Saturday, 9 January 2021

The Necessity of Atheism by Percy Shelley


Under Church Law, Death by Drowning CANNOT be Considered Suicide.






“ It is curious that The Necessity of Atheism is less atheistic than it is a challenge to theists to acknowledge that belief is a human passion, and as such cannot stand up to the test of being reasonable, thus the necessity or reasonableness of atheism. 

Atheism, in Shelley’s case, is an argument for human reason to be given preeminence over passions, which are always subjective, lacking reasonable proof, and therefore can not be enforced upon any free person. 

Newman Ivey White summarizes Shelley’s tract accurately, writing :

Except for the title and the signature to the advertisement (“through deficiency of proof, an Atheist.”) there was no atheism in it. 

In its seven pages of text it argued that belief can come only from three sources: physical experience, reason based on experience, and the experience of others, or testimony. 

None of these, it argued, establishes the existence of a deity, and belief, which is not subject to the will, is impossible until they do. 
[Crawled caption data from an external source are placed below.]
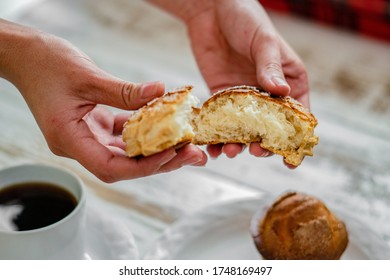 A person dividing a piece of bread into two parts - Shutterstock ID 1748169497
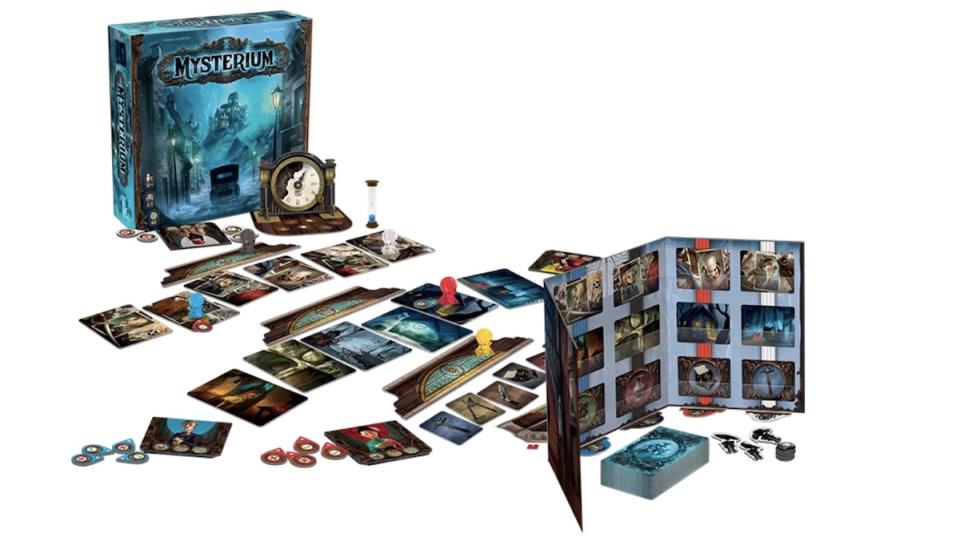 Mysterium the bosrd game with the box behind the game set up on a table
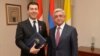 President Serzh Sargsyan awards a medal to his son-in-law and Armenian Ambassador to the Vatican Mikayel Minassian, April 5, 2018.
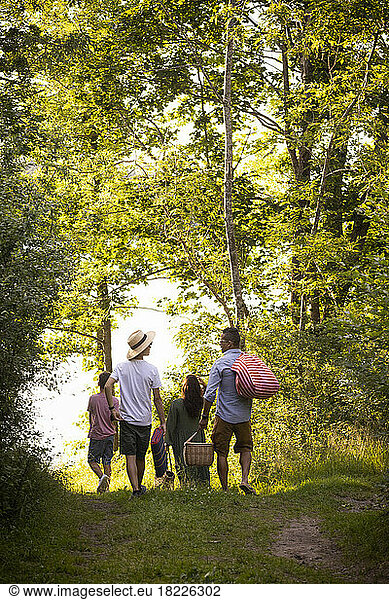 Familie beim gemeinsamen Spaziergang im Sommerurlaub im Wald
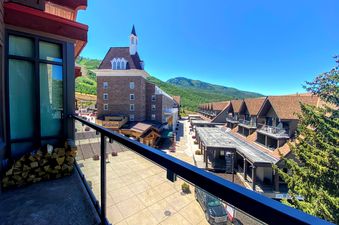 A vibrant summer day view from a balcony at The Lowell 401, overlooking a village with shops and a mountain landscape under a clear blue sky.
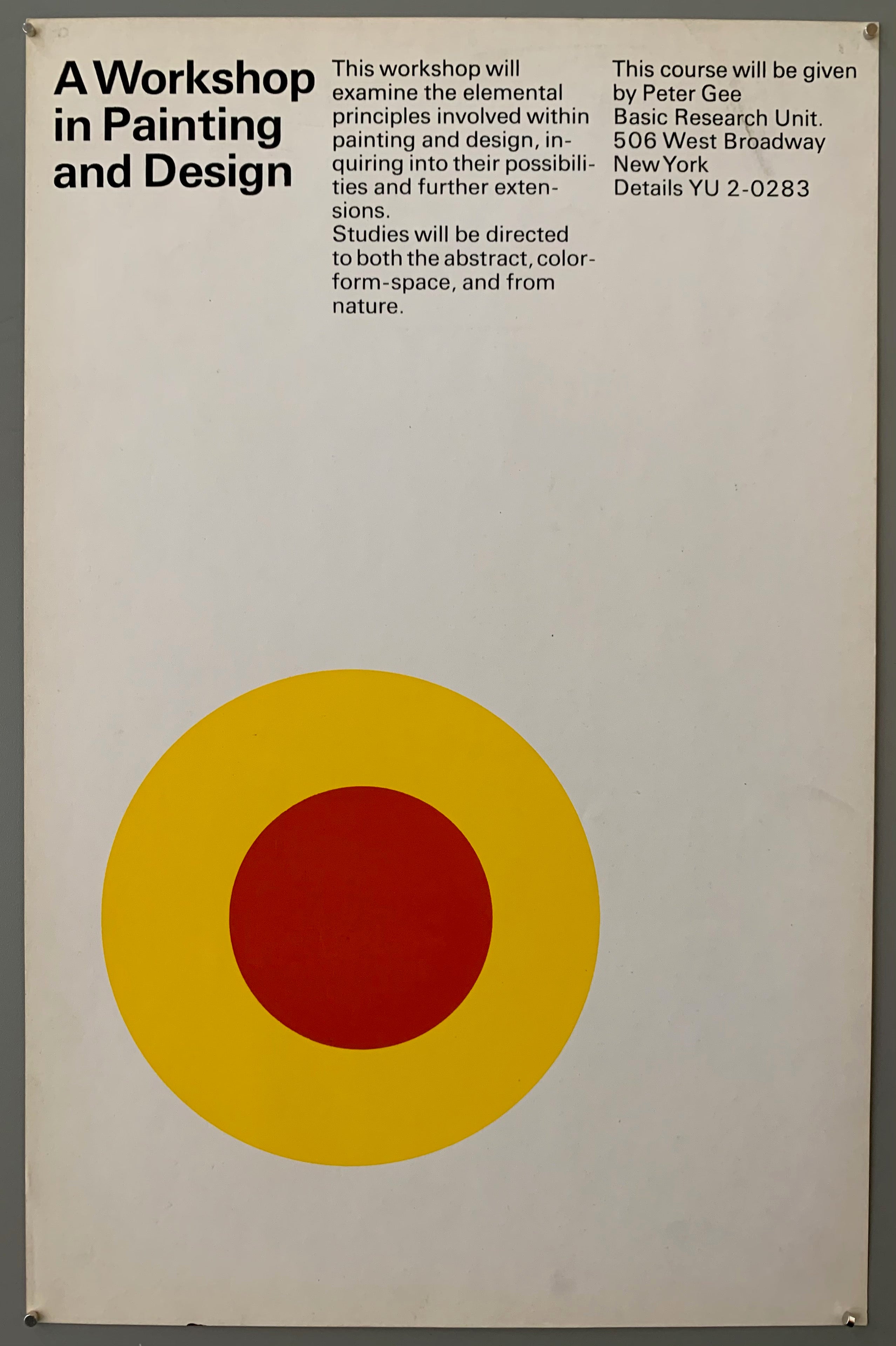 White poster with a yellow and red target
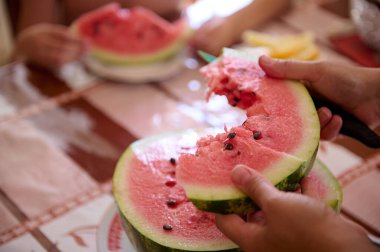 Yakından çekilen eller olgun organik sulu bir karpuz dilimini tutuyor. Yiyecek ve içecek konsepti. Çiğ vejetaryen diyeti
Hence the existence of a God is not proved.

Shelley’s words were temperate, reasoned, and yet also revolutionary at the beginning of the nineteenth century, a century still reeling from the effects of the American War for Independence and the French Revolution: 

The mind cannot believe the existence of a creative God: it is also evident that, as belief is a passion of the mind, no degree of criminality is attachable to disbelief; and that they only are reprehensible who neglect to remove the false medium through which their mind views any subject of discussion. 

Every reflecting mind must acknowledge that there is no proof of the existence of a Deity.
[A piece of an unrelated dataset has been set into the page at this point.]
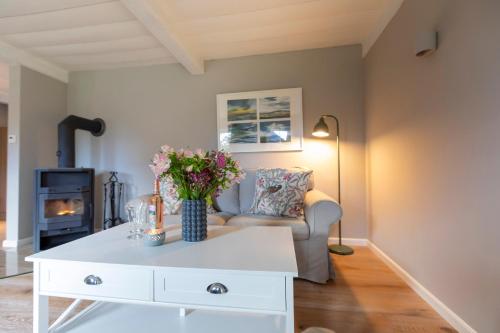 een woonkamer met een witte salontafel met bloemen erop bij Ferienwohnung Backbord Steinbergkirche in Steinbergkirche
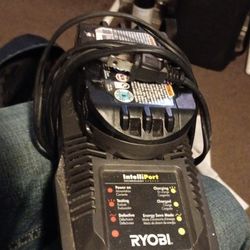 Ryobi 18v Lithium Battery With Charging Base.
It did not take long before Percy Bysshe Shelley was found out and brought before the Master of University College, Oxford, Rev. James Griffith. 

Shelley was questioned amidst much anger from the Master of the college concerning his part in writing the anonymous atheistic tract. Shelley’s response to Griffith was, 

If I can judge from your manner … you are resolved to punish me, if I should acknowledge that it is my work. 

If you can prove that it is, produce your evidence; it is neither just nor lawful to interrogate me in such a case and for such a purpose. 

Such proceedings would become a court of inquisitors, but not free men in a free country.

And with his patriotic appeal for evidence to be produced, Percy Bysshe Shelley was expelled from the University of Oxford. 

Before the University gates could slam behind him, Shelley had already sent the tract on atheism to all of the bishops, and apparently to many professors, heads of colleges, the Vice Chancellor, and at least one Cambridge professor.

Ironically, in the grand tradition of sanctifying sinners into saints — if such men or women achieve fame after their deaths — a monument now resides at University College, Oxford, to pay homage to the University’s most famous expelled atheist. 

For Shelley, however, still being quite alive in 1811 and not so saintly as death would later make him, this event only tempered his steel and focused his aim for future literary projects. 

He learned from this event that greater care must be taken to remain anonymous, to conceal his agenda, and to mislead those who were most likely to assume his part in such future affairs. 

Writing to his co-laborer in the infamous Necessity of Atheism tract, Thomas Jefferson Hogg, Shelley revealed his new design, a plan in which Shelley would suggest to the public that he had given up writing:

 …I give out therefore that I will publish no more; every one here, but the select few who enter into its schemes believed my assertion. 

Of course nothing was further from his mind than to abandon his vow to thrust his dagger deeply into the heart of the Christian faith. From this point forward Shelley would guard his “schemes” among the select few who could be trusted and he would learn even better how to apply the principles of a quiet revolution. 

He reasserted his vow to Hogg, exclaiming, “yet here I swear and if I break my oath may Infinity Eternity blast me, here I swear that never will I forgive Christianity.”